Target Painters are the black sheep of the EWar family. Instead of incapacitating their target, they provide bonuses to any ship attacking it. Unfortunately, their bonuses really suck, and they do not amplify damage enough to make them worth using, even in fleet battles. Except for a few rare PvE cases, it is better to fit something else.
How They Work
Target painters work by increasing the signature radius of a target. The two major benefits of this are increased damage and decreased targeting time. The problem with the latter benefit is that targeting times do not change once targeting has begun; in other words, if you are in the process of targeting an opponent and someone then paints it, your targeting time will not decrease.
Missile weapons have an explosion radius; if the target's signature radius is less than the explosion radius, the damage done to the target will be reduced. Target painters allow heavier missiles (such as torpedoes) to do their full damage against smaller targets (like frigates). This isn't really useful in fleet combat because missiles are so unpopular in that setting, and missiles that are not cruise missiles still less (cruise missiles function well against small targets).
For turret weapons, target painters' increase of the target's signature radius makes it easier to hit. This can often translate to higher damage done to that target. But, if the target is already fairly large, an even larger signature radius will have no functional effect. If you target paint a smaller ship that battleships usually have trouble hitting, you need to coordinate with those battleships because it is difficult to tell if a ship is target painted in the heat of battle.
If You Insist On Being Stupid
Target painters lack the power of Tracking Disruptors or ECM, and flexibility of RSDs. If, despite all this, you are intent on using target painters, try to focus on small, fast-moving, high-value targets like interdictors, interceptors, fighters, and HACs. You are going to be disappointed. Caracals and Comorants can comedy fit a target painter easily, but these ships are awful for fleet fights in general. Vigils and Bellicosii would be better fit as tacklers.
The Rare Times a Target Painter is Useful in PVP
Target painters are generally only useful in PVP when you have a weapon type that is shooting at a ship that is much smaller than the weapon types intended target size. In theory this can include BS shooting at frigates/cruisers; but in PVP the higher target speeds mean the target painter just isn't enough since it won't help the missiles/guns hit in the first place.
It may be useful to fit target painters when using capitals or working in tandem with them.

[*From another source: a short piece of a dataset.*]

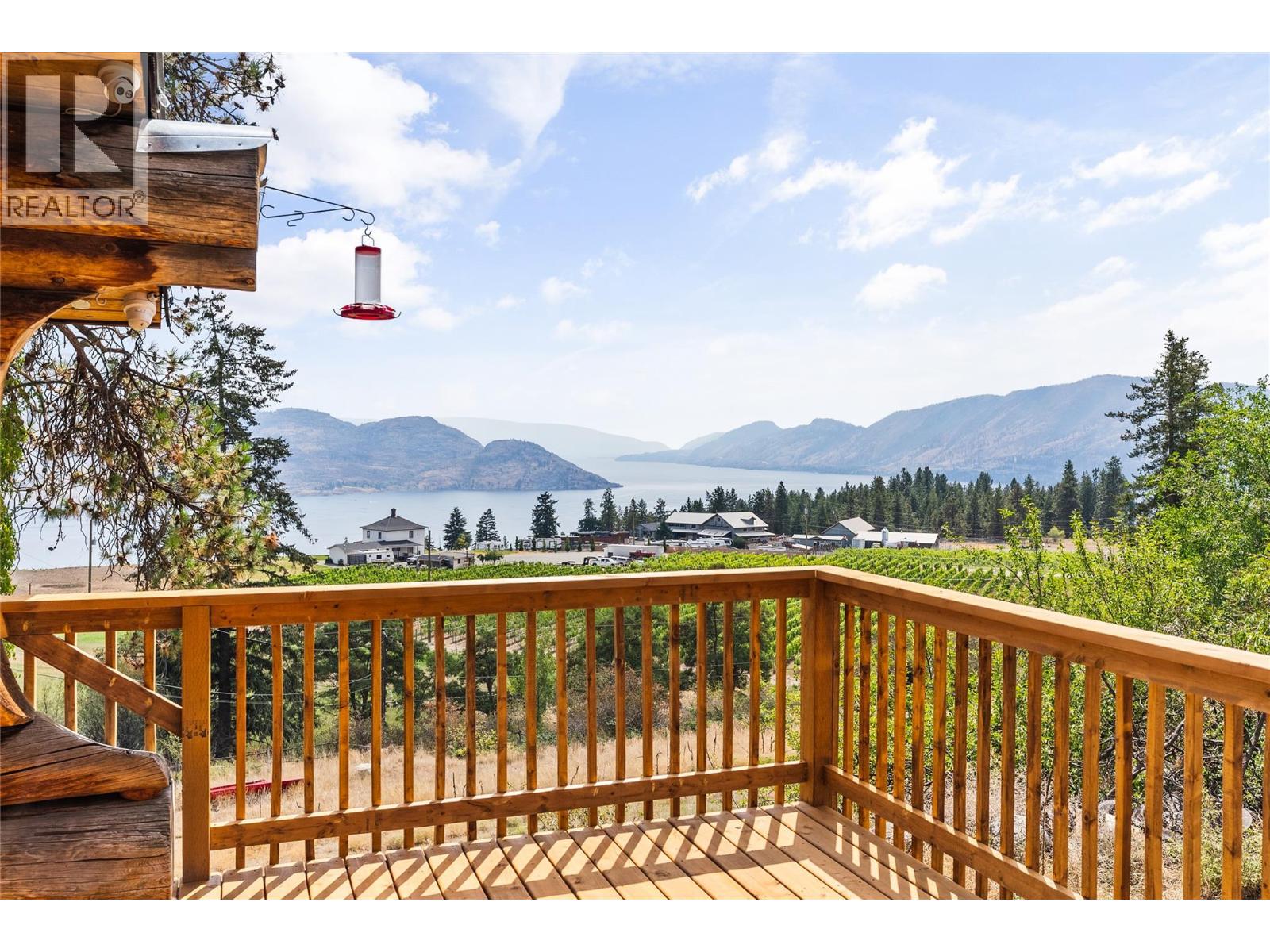 5876 Victoria Street, Peachland, British Columbia  V0H 1X4 - Photo 2 - 10396486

Target painters may be useful when friendly dreadnoughts are engaging enemy battleships, but this almost never happens and you will be called a useless faggot for bringing target painters on any op that doesn't involve intentional suicide, and even on those you'll be called a faggot for fitting a target painter. It might be conceivable that target painters could offer some benefit to a hypothetical close-range torpedo raven, but as these are not popular it is very unlikely.
It's OK to fit a Target Painter in PvE
Many ratting Ravens carry a target painter, as they significantly increase the damage from torpedoes. The DPS increase is typically ~15% when firing at battleships, and up to a massive 30% when firing at battlecruisers and cruisers --this is more than any single lowslot damage module can offer.